RDC : où en sommes-nous avec le cadre légal sur la lutte contre les violences conjugales ?

Photo/ONU Femmes
Photo/ONU Femmes

En République Démocratique du Congo, il n’existe pas encore une loi spécifique qui table sur les violences domestiques ou conjugales. Pour aboutir à sa mise en place, comme il en existe pour les violences sexuelles, les organisations de défense des droits des femmes mobilisent des acteurs clés. Ce 11 novembre, Sofepadi et Fofecegdd ont parlé de leurs travaux avec ACTUALITE.CD. 

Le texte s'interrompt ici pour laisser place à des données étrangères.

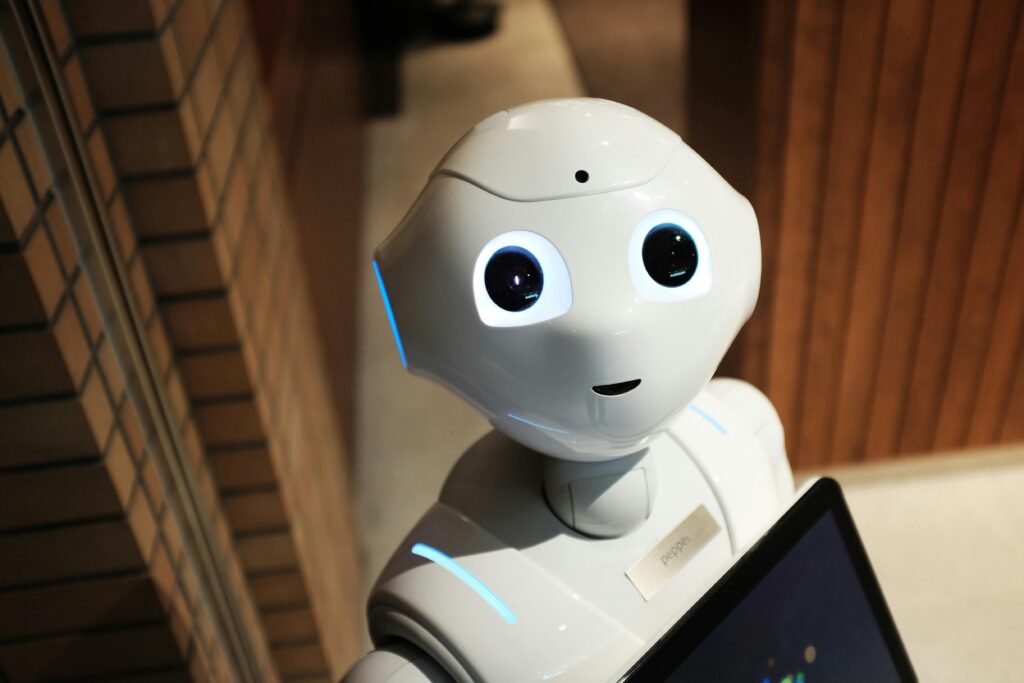 AI receptionist assisting a patient at a clinic front desk, illustrating how AI receptionists are changing clinics.- automotive answering service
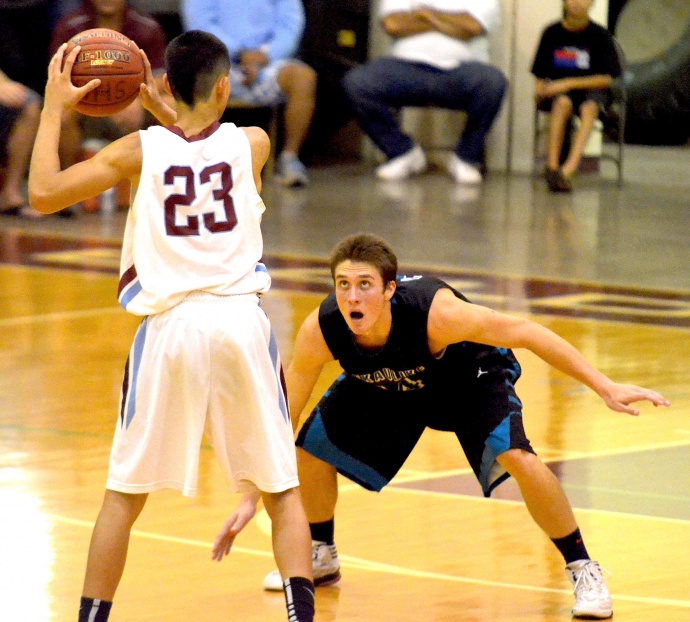 King Kekaulike's Chase Iwata-Bartelme eyes Baldwin's Matthew Demichele during second-half action Tuesday at Baldwin gym. Photo by Rodney S. Yap.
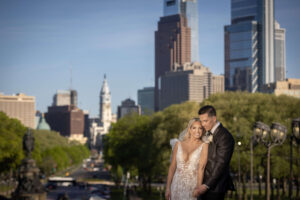 bride and groom pose together moment with dramatic philly skyline in background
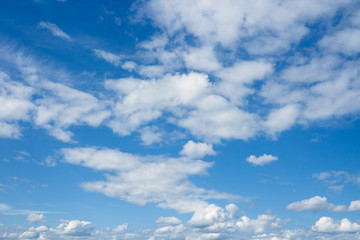 Naklejka na ściany i meble Beautiful coudscape over horizon. White clouds in blue sky.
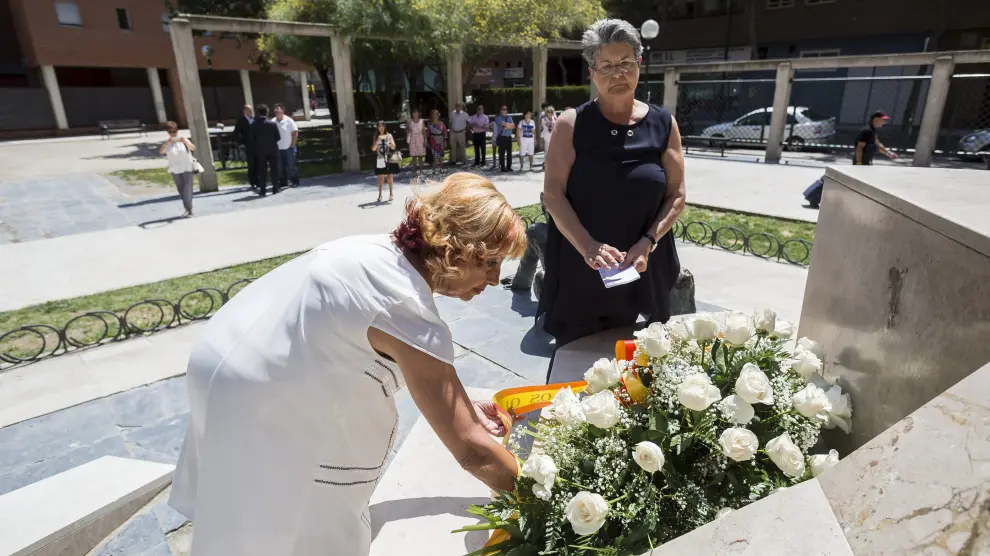 Marta Berdor, de blanco, y María Gracia Roca, colocan flores en el monumento de la casa cuartel.
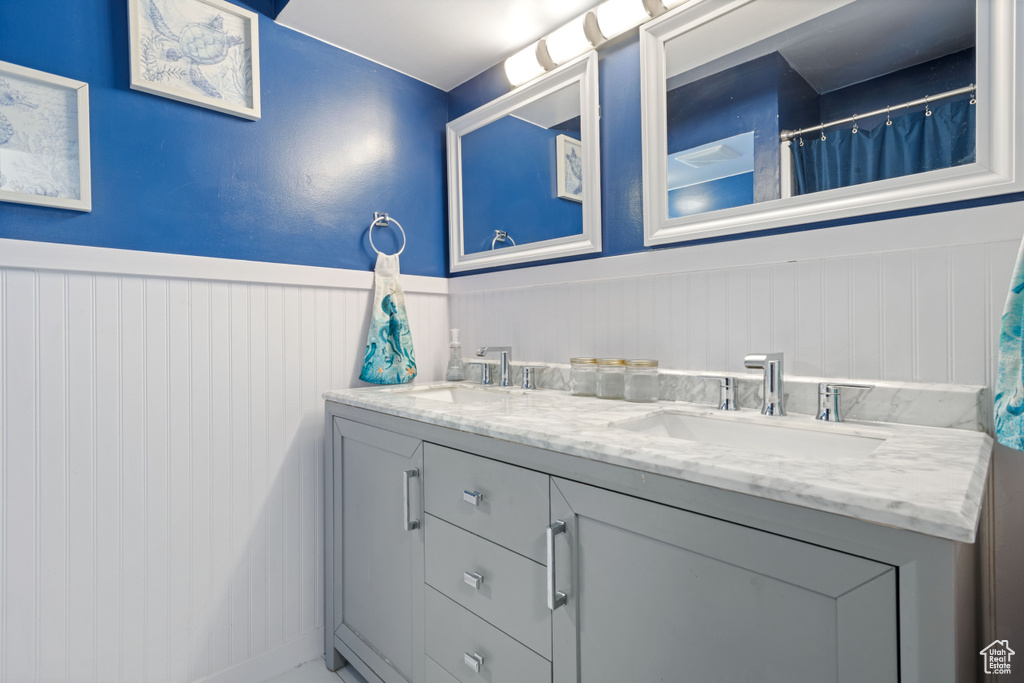 Bathroom featuring double vanity and a wainscoted wall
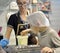 A boy takes a white chocolate mass for pouring into molds. Children`s excursion to the Belgostar chocolate factory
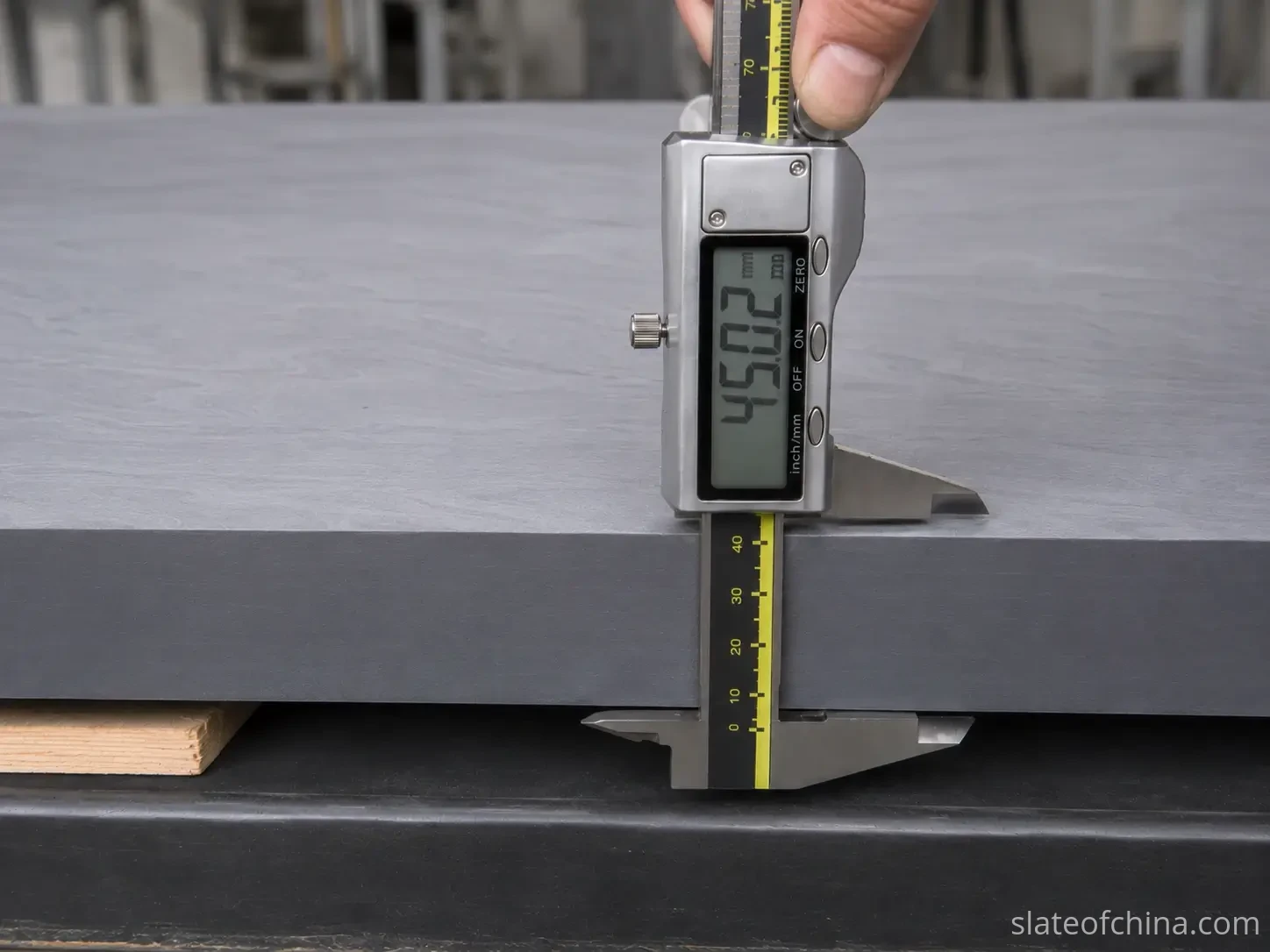 Billiard Slate Thickness Measurement with Digital Caliper Digital caliper measuring the thickness of a billiard slate panel at the factory, display reading 45.02 mm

« Nous avons travaillé sur la mise en place d’une loi sur les violences domestiques qui comprennent également les violences conjugales. C’est un projet lancé en mars qui consistait à collecter les données et faire le plaidoyer, » explique Sandrine Lusamba, coordonnatrice nationale de la Solidarité féminine pour la paix et le développement intégral (SOFEPADI)

Nécessité des données actualisées

La mise en place d’un cadre légal requiert des chiffres actualisés de ces formes de violences en RDC. Pour y arriver, les deux organisations ont lancé chacune une démarche. Collecter, à travers un questionnaire, des cas au niveau des provinces et travailler sur les mesures palliatives.

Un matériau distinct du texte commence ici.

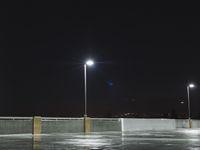 an empty parking lot has lights on and on, lights in the dark sky above
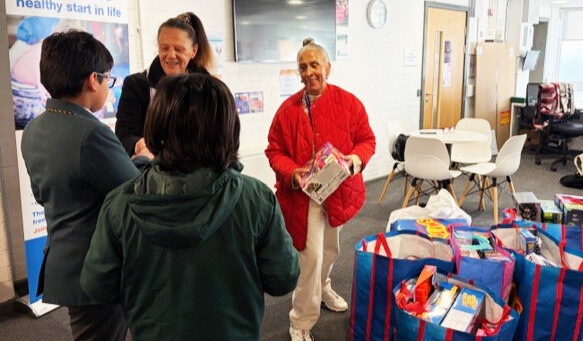Adopted brothers, ten and seven, have inspired their school friends to donate Christmas gifts to children in need, spreading holiday cheer in Wolverhampton.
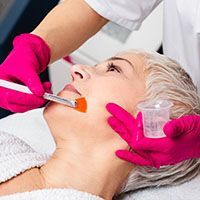 A woman is getting a facial treatment at a beauty salon.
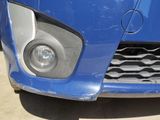 a close up of the front of a blue car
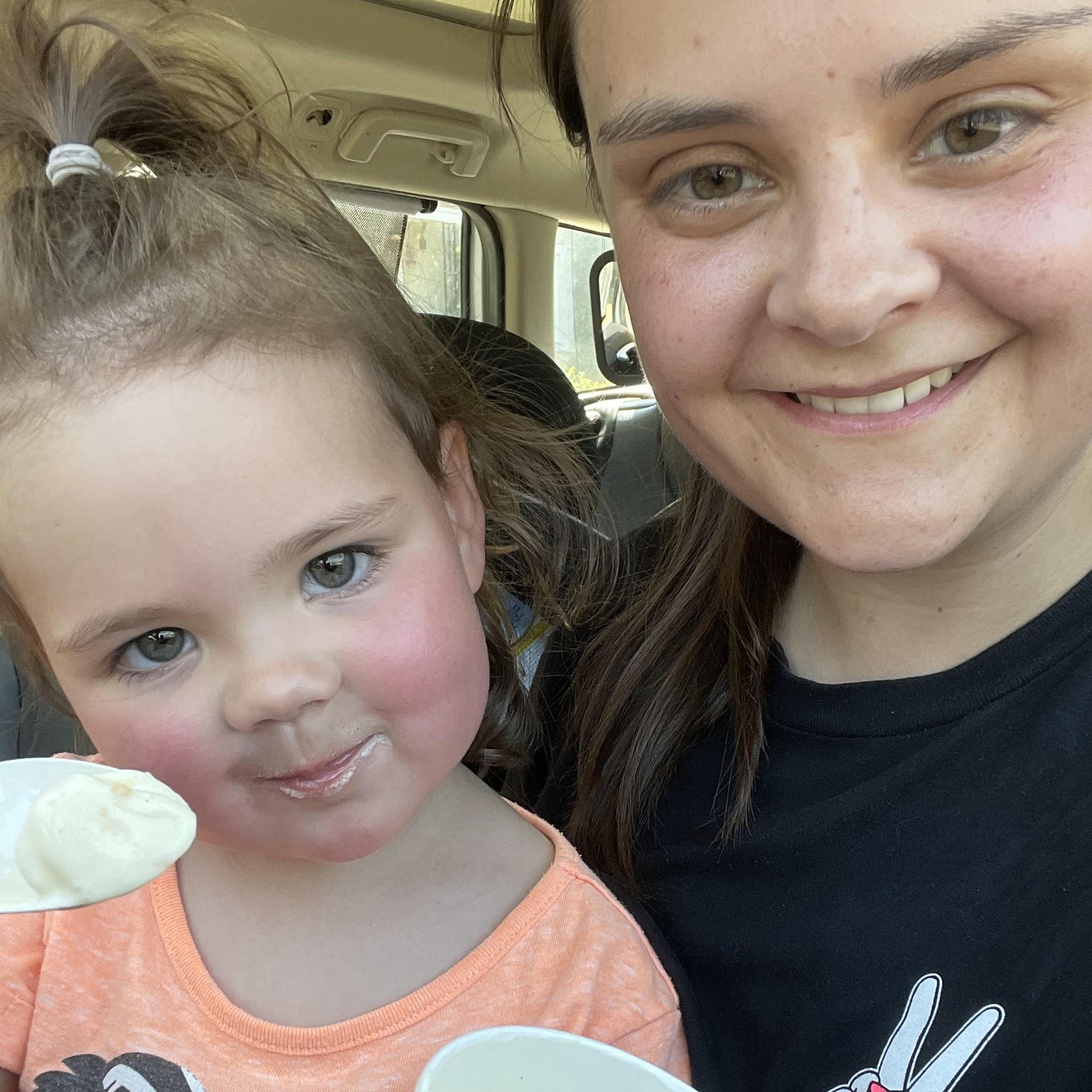 Amy and her daughter smile while eating ice cream
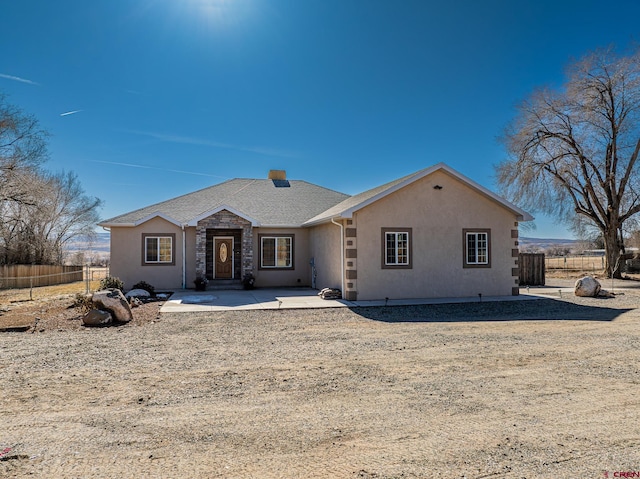 ranch-style house with a patio area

« Nous avons formé 17 organisations venant des différentes provinces (Kasaï, Nord-Kivu, Bukavu, Tshopo, Goma, Kinshasa). Nous les avons dotés en matériels pour qu’elles effectuent la collecte des cas, certes pas tous, mais comprendre la tendance vu qu’il n’y a pas des statistiques actualisées. Nous avons aussi lancé des campagnes de sensibilisation auprès des communautés sur les formes de violence domestique et la lutte contre ce fléau » souligne Sandrine Lusamba. 

Pendant le confinement en 2020, le Forum des femmes citoyennes et engagées pour la gouvernance, la démocratie et le développement (FOFECEGDD) a recensé plus de 350 cas de violences domestiques et lancé des alertes. Cette année, la structure a mené un plaidoyer pour la mise en place des mesures urgentes. 

« Au cours du premier semestre de l’année, nous avons pensé qu’il était important de plaider d’abord pour la mise en place des mesures urgentes. Il fallait privilégier les solutions palliatives à ce fléau parce qu’en ce temps-là les conditions n’étaient pas très propices pour demander une loi. Il fallait avoir des données suffisantes notamment. Parmi les points obtenus, nous pouvons citer la réactivation de la ligne verte (122), le lancement de la campagne tolérance zéro immédiate, et autres, » renseigne Marie Lukusa Kadima, coordonnatrice du Forum. 

En route vers la proposition de loi 

Sofepadi travaille actuellement avec une consultante juridique pour la mise en place du cadre légal. Celle-ci a fait une révision des lois existantes et ce qu’il faudrait y ajouter. A Kinshasa, un premier draft a été présenté aux acteurs de la société civile, aux défenseurs des droits humains et des droits des femmes, au cours d’un atelier  au début du mois. 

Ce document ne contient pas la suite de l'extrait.